In most of the world investments in sport (football - the one americans call soccer) are made because the CEO who is the main shareholdrer like it.

Especially as in most of the world leagues have relegation, so the money invested can be quickly lost.


Not autistic, cerebral palsy, and died young. I imagine that would shape the way you do everything in life yeah.


There seems to be more focus on accessibility in Microsoft products since Satya took over as CEO. For instance, now there's a section dubbed "Accessibility" in the bottom bar in MS Office.


It's box-ticking accessibility, not truely increasing accessibility. Ask yourself how much of the MS site is usable in a text-only browser, or even one that merely has JS turned off.


Do disabled people usually use text-only browsers or turn off JS? That seems orthogonal to being disabled.


That's why I'm saying it's box-ticking. Simple HTML is more accessible to everyone. That includes those with screenreaders and other content extraction/reformatting tools.


My understanding is all modern screenreaders (NVDA, JAWS, VoiceOver, etc.) handle JS websites perfectly fine and modern accessibility standards in JS are much more than box-ticking.

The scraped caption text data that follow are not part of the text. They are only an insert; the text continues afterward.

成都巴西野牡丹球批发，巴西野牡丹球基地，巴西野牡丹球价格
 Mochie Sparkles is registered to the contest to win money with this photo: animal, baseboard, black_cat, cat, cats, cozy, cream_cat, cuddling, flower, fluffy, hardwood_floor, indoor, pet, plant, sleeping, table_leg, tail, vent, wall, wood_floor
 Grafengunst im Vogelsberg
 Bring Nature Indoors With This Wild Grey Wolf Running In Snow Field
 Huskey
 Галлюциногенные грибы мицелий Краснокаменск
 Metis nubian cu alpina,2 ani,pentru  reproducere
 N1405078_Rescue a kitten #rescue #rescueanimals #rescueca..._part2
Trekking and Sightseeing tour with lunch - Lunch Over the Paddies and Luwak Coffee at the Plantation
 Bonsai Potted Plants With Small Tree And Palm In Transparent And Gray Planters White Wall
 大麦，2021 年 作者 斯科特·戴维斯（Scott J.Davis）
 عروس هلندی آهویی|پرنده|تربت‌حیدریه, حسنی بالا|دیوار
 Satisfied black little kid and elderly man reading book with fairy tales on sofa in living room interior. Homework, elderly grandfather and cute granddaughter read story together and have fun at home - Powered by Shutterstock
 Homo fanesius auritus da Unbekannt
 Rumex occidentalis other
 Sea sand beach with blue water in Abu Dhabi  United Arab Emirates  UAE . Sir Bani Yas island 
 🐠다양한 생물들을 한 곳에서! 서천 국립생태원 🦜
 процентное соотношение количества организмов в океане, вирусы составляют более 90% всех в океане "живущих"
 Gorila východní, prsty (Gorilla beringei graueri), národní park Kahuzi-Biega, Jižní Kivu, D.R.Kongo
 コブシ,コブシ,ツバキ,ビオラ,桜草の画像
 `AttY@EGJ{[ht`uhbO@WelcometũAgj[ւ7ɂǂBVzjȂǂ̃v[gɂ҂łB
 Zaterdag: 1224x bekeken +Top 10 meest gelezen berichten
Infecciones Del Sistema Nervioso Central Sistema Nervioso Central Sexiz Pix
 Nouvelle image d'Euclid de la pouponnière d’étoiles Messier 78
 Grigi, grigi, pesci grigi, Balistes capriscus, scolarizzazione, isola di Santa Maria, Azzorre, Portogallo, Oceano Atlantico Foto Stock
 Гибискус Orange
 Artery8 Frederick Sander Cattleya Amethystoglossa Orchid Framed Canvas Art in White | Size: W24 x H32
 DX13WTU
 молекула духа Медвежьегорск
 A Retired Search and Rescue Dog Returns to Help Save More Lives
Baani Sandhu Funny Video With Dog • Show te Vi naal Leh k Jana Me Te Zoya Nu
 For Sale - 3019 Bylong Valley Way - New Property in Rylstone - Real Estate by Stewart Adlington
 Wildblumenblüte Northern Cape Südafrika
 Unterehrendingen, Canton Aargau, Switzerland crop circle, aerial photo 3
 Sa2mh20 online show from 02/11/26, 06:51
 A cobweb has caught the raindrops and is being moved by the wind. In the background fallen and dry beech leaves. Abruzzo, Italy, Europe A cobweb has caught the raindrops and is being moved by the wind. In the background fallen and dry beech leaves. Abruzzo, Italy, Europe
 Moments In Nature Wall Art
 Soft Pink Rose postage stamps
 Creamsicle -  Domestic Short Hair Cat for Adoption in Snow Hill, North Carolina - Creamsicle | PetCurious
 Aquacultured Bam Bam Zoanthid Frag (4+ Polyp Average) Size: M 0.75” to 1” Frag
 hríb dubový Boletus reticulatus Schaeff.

I'm a fan of simple HTML, too-but I don't believe it has any real impact on accessibility over JS with accessibility in mind. If there are specific cases where that is not true, I'd love to know them


If you think it's confusing to have a page change while you're reading it with your eyes, imagine what that would do to someone who can't see and relies on a screenreader telling them.


Right, but that’s why you have aria-live regions and politeness levels. All things considered, a simpler page is typically more accessible but:

- a simpler page is typically more usable as well, and

- sometimes you have inherent complexity that it’s also possible to make accessible


JS issues with accessibility is not inherent to the JS compatibility itself with the browser.

It’s much more that JS tends to make your page being modified in unexpected ways. If all you have is a voice reading the page, you may be submerged by information each time the dom changes and you may have a hard time understanding what is the context of the element which changed.


You can still make it perfectly accessible screen-reader-wise/WCAG-wise.

Pointing out to actual accessibility issues would have been a much better argument than generic complaining about the website requiring JS.


How does it work with a screen reader when the JS decides to refresh all controls simultaneously?



Here is a video of a blind person browsing the web https://youtu.be/OOvXuz6ejuw


The point is that for some reason no one's guilty for the crap sites; i guess they just show up when it rains.


Blind users definitely lean heavily on the text-only dimension of the web.


The last time I opened the Accessibility tab in powerpoint, it was full of reminders to add alt text for images and other things like that. It seems meaningful. Is all of that stuff meaningless?


Office has some useful accessibility features but there are obvious features missing. For example, Word will read aloud documents, which is great. There is a shortcut to bring up relevant controls but I couldn't find a shortcut to resume reading after I edited the text. There also doesn't seem to be a way for it to read comments. Ultimately, you need to use a screen reader.


Also, Microsoft recently started banning unauthorized third party devices, which includes some disability devices (not all, just some).